AYOJAKARTA.COM - Warga di sekitar Desa Purworejo, Kabupaten Wonogiri, Jawa Tengah dibuat gempar dengan fenomena pohon beringin yang diluar nalar.
Hal tersebut terjadi setelah sejumlah petugas Pemerintah Daerah melakukan penebangan terhadap pohon beringin di ruas jalan Wonogiri-Ngadirojo.
Warga gempar lantaran pohon beringin yang tergolong berusia tua tersebut mendadak kembali tegak meski pangkal batang dan seluruh daunnya sudah ditebang.
Penebangan pohon beringin tua berusia ratusan tahun yang dilakukan pada hari Jumat, 19 Januari 2024 tersebut mendadak menjadi perbincangan warganet.
Sebelumnya, batang pohon yang dianggap warga setempat memiliki keramat tersebut juga sempat menimpa minibus dan warung makan.
Belum diketahui ada atau tidaknya korban jiwa maupun mengalami luka akibat tumbangnya batang pohon yang meniban minibus serta warung makan tersebut.
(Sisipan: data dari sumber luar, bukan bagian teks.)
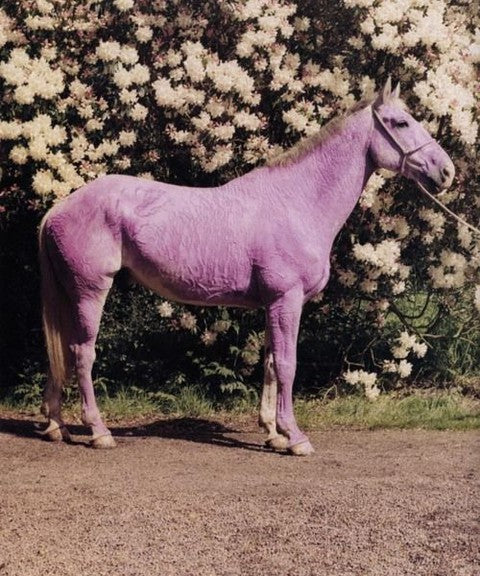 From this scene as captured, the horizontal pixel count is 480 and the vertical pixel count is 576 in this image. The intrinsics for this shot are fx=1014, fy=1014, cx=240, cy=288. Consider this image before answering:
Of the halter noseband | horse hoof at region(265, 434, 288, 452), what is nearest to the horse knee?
horse hoof at region(265, 434, 288, 452)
Usai sejumlah aparat pemerintah melakukan penebangan yang dimulai dari dahan hingga ke pangkal, pohon beringin tua berhasil ditumbangkan.
Namun peristiwa diluar nalar yang sempat terekam kamera salah seorang warganet menunjukkan pohon beringin kembali berdiri tegak setelah tumbang beberapa saat.
Menurut penuturan warga di sekitar lokasi, pohon beringin yang diperkirakan sudah berusia ratusan tahun memang memiliki keunikan atau keramat.
Baca Juga: Viral! Netizen Ini Akui Program Food Estate Gagal, Disebut Tanam Singkong tapi Malah Tumbuh Jagung
Karenanya, warga secara khusus memberikan pagar pembatas di sekeliling pohon agar tidak bisa didekati oleh siapapun.
Namun demikian tidak jarang pagar pembatas tersebut justru diterabas atu diterjang oleh sejumlah warga lainnya yang datang untuk meletakkan makanan.
Terkait dengan dengan fenomena pohon beringin yang kembali tegak setelah ditebang, sejumlah kalangan memiliki tanggapan.
Menurut sebagian kalangan, selama akar pohon masih menghujam ke dalam tanah, maka peluang pohon untuk tumbuh dan berkembang akan selalu terbuka.
Fenomena pohon beringin yang kembali berdiri menjulang meski sudah ditebang, diyakini karena kondisi akar masih belum sepenuhnya terpotong.
Selain itu, peristiwa tegaknya pohon dipercaya karena berat massa jenis di bagian sekitar pangkal lebih berat dibandingkan bobot batang.
Penumpukkan berat yang berpusat di sekitar pangkal pohon atau bonggol akar, diyakini sebagai alasan pohon tersebut bisa kembali berdiri tegak.
Di samping memaparkan secara sains dengan pendekatan fisika, ada juga warganet yang berpendapat fenomena tersebut merupakan tanda masih bermasalahnya tauhid.
Menurut warganet pemilik akun @*emini*, keberadaan pohon beringin berusia ratusan perlu dihormati dengan tidak memberi sesaji.